WHAT THIS TASK INVOLVES:
Word for word, repeat all of the entries below.

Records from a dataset
——————

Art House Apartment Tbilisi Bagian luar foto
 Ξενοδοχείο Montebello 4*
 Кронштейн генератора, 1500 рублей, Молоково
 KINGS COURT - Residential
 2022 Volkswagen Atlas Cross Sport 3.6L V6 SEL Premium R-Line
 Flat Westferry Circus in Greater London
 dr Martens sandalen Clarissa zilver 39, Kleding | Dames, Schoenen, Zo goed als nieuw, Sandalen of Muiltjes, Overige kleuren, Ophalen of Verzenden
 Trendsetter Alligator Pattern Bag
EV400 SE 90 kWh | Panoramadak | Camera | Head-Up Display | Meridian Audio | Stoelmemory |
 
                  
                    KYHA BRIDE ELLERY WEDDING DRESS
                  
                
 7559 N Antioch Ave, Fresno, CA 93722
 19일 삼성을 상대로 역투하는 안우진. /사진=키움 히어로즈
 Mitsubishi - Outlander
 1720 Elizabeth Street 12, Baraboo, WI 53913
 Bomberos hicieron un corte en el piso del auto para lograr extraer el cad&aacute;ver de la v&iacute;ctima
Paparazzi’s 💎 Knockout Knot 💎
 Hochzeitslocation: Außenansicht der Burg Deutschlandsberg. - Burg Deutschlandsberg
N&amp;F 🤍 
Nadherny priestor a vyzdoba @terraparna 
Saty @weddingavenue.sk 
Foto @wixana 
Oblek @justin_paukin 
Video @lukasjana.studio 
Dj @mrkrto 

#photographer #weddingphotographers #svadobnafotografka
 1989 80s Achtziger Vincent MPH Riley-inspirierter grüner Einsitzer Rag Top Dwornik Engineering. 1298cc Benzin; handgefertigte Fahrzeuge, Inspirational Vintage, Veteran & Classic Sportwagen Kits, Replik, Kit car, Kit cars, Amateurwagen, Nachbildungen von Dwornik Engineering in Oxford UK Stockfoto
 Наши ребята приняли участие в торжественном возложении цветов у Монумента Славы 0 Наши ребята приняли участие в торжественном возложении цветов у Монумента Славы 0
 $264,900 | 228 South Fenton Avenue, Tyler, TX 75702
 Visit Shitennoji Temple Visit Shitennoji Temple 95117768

——————

OUTPUT OF THE EXERCISE:
Art House Apartment Tbilisi Bagian luar foto
 Ξενοδοχείο Montebello 4*
 Кронштейн генератора, 1500 рублей, Молоково
 KINGS COURT - Residential
 2022 Volkswagen Atlas Cross Sport 3.6L V6 SEL Premium R-Line
 Flat Westferry Circus in Greater London
 dr Martens sandalen Clarissa zilver 39, Kleding | Dames, Schoenen, Zo goed als nieuw, Sandalen of Muiltjes, Overige kleuren, Ophalen of Verzenden
 Trendsetter Alligator Pattern Bag
EV400 SE 90 kWh | Panoramadak | Camera | Head-Up Display | Meridian Audio | Stoelmemory |
 
                  
                    KYHA BRIDE ELLERY WEDDING DRESS
                  
                
 7559 N Antioch Ave, Fresno, CA 93722
 19일 삼성을 상대로 역투하는 안우진. /사진=키움 히어로즈
 Mitsubishi - Outlander
 1720 Elizabeth Street 12, Baraboo, WI 53913
 Bomberos hicieron un corte en el piso del auto para lograr extraer el cad&aacute;ver de la v&iacute;ctima
Paparazzi’s 💎 Knockout Knot 💎
 Hochzeitslocation: Außenansicht der Burg Deutschlandsberg. - Burg Deutschlandsberg
N&amp;F 🤍 
Nadherny priestor a vyzdoba @terraparna 
Saty @weddingavenue.sk 
Foto @wixana 
Oblek @justin_paukin 
Video @lukasjana.studio 
Dj @mrkrto 

#photographer #weddingphotographers #svadobnafotografka
 1989 80s Achtziger Vincent MPH Riley-inspirierter grüner Einsitzer Rag Top Dwornik Engineering. 1298cc Benzin; handgefertigte Fahrzeuge, Inspirational Vintage, Veteran & Classic Sportwagen Kits, Replik, Kit car, Kit cars, Amateurwagen, Nachbildungen von Dwornik Engineering in Oxford UK Stockfoto
 Наши ребята приняли участие в торжественном возложении цветов у Монумента Славы 0 Наши ребята приняли участие в торжественном возложении цветов у Монумента Славы 0
 $264,900 | 228 South Fenton Avenue, Tyler, TX 75702
 Visit Shitennoji Temple Visit Shitennoji Temple 95117768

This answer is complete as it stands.